April 8, 2014
During the NAB Show, thousands of companies descend on Las Vegas. Perhaps one of the smallest is a three-man startup called Eyeris, that aims to change the way we gather data about consumer preference. Featured by the SPROCKIT program, a new venue co-sponsored by NAB that aims to highlight nascent tech companies that may have a big impact on the entertainment industry, Eyeris tracks viewer response to motion picture content using clever software and the cameras already embedded in the the devices most of us carry.
The basis of the technology is emotion recognition, a process which uses digital imaging to create a moving map of the human face, in a technique similar to that used in so-called “performance capture” technology that has recently enabled filmmakers to lend such lifelike performances to digital characters onscreen.
Emotion capture records the movements of the human face, and by comparing them to a known library of facial expressions, is able to plot the variations of a number of emotions, including joy, disgust, surprise, and others.
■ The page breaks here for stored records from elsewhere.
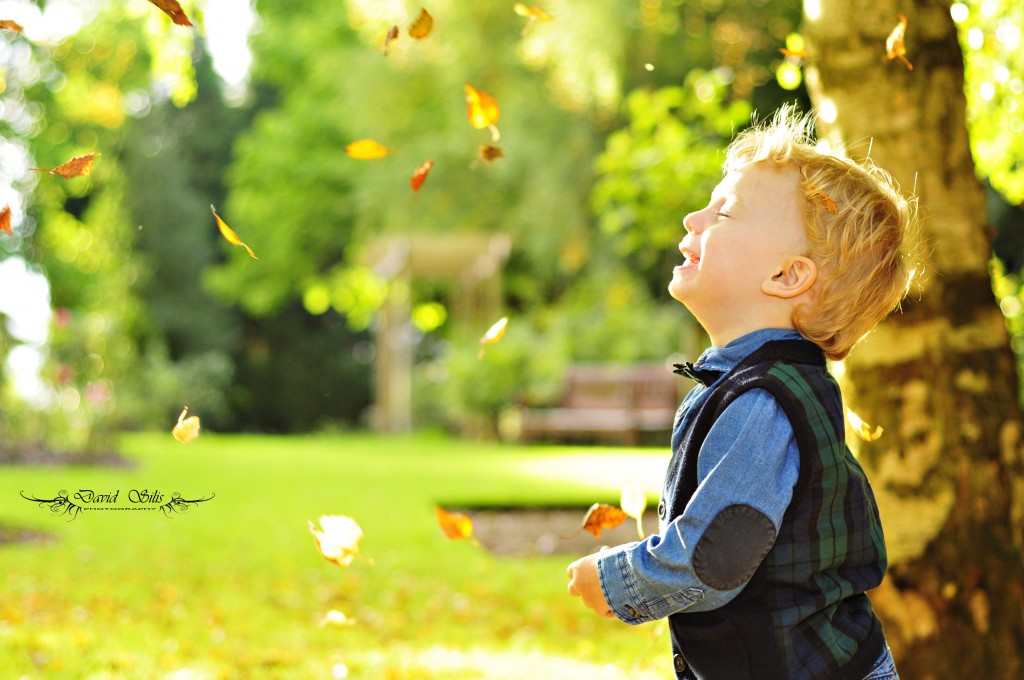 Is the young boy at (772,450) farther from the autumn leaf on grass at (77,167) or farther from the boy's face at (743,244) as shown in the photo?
the autumn leaf on grass at (77,167)

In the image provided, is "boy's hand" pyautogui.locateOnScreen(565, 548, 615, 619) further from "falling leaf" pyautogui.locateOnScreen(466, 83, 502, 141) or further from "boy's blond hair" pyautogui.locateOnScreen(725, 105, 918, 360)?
"falling leaf" pyautogui.locateOnScreen(466, 83, 502, 141)

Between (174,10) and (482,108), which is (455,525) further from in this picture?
(174,10)

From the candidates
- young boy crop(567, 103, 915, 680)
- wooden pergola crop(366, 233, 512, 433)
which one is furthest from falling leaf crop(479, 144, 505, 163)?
wooden pergola crop(366, 233, 512, 433)

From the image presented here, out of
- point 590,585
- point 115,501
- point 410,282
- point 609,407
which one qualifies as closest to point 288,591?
point 115,501

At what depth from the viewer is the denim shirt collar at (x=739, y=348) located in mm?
1620

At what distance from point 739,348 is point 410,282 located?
16637mm

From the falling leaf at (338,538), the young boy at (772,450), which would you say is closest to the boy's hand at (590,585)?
the young boy at (772,450)

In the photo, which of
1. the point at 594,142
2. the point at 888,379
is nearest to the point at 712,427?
the point at 888,379

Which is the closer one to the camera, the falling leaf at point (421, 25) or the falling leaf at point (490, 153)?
the falling leaf at point (421, 25)

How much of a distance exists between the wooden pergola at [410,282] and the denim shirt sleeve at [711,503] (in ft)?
46.7

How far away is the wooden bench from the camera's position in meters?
14.8

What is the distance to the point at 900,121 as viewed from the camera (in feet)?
8.87

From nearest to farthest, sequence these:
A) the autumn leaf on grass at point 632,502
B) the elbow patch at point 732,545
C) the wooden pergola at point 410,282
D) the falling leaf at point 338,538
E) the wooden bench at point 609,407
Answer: the elbow patch at point 732,545 → the falling leaf at point 338,538 → the autumn leaf on grass at point 632,502 → the wooden bench at point 609,407 → the wooden pergola at point 410,282

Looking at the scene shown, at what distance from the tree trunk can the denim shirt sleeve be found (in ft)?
4.02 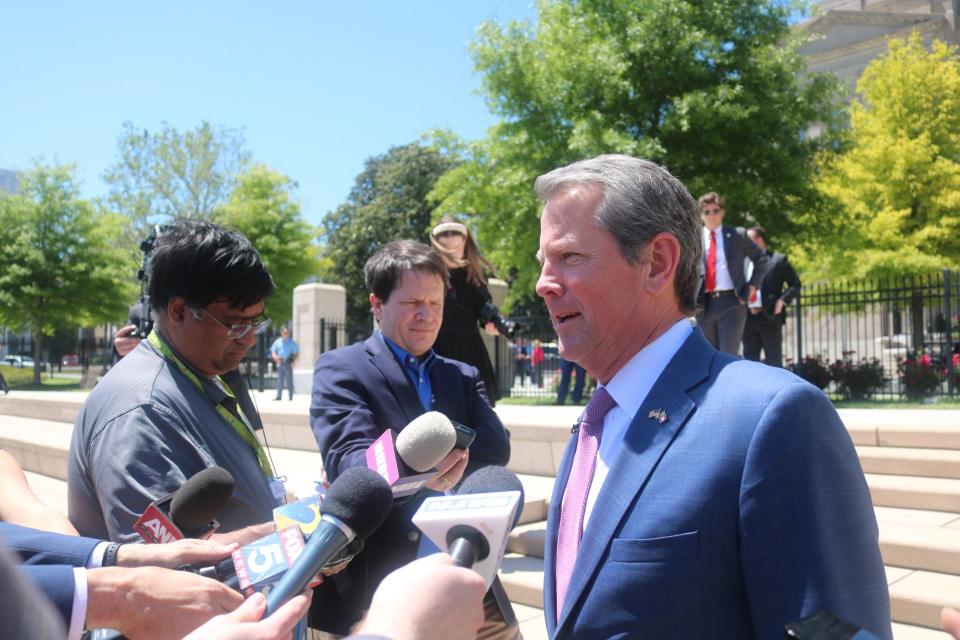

The technology may sound a bit far-fetched, but just a few minutes toying with a demonstration version left this reporter both surprised and impressed with its accuracy. Though hardly foolproof, Eyeris seems fairly capable of giving a decent approximation of what emotion a viewer is portraying. (Whether or not that portrayal is in fact a true representation of emotion is a far more complicated question, and one on which great sums of money are daily won and lost at poker tables in this city). The skeptical reader may see an online version of the demonstration here.
Currently, the program requires that a viewer consume content on a device with an embedded user-facing camera (like a laptop or tablet), or using a large device like a television with a connected webcam. In either case, the user must grant permission before the software can operate.
Those two hurdles may prove major obstacles for widespread adoption, though the developers argue that even a small population of people using the software would still represent a considerably larger and more accurate sample than current methods offer.
The developers say the software is also able to accurately determine (or verify) demographic informations, like age or gender. The goal, say the inventors, is to provide real-time audience monitoring that far exceeds the accuracy of current methods like focus groups or real-time audience polling. The product is being developed primarily for the entertainment market, but if successful, would likely find other applications, particularly in the evaluation and analysis of political advertising.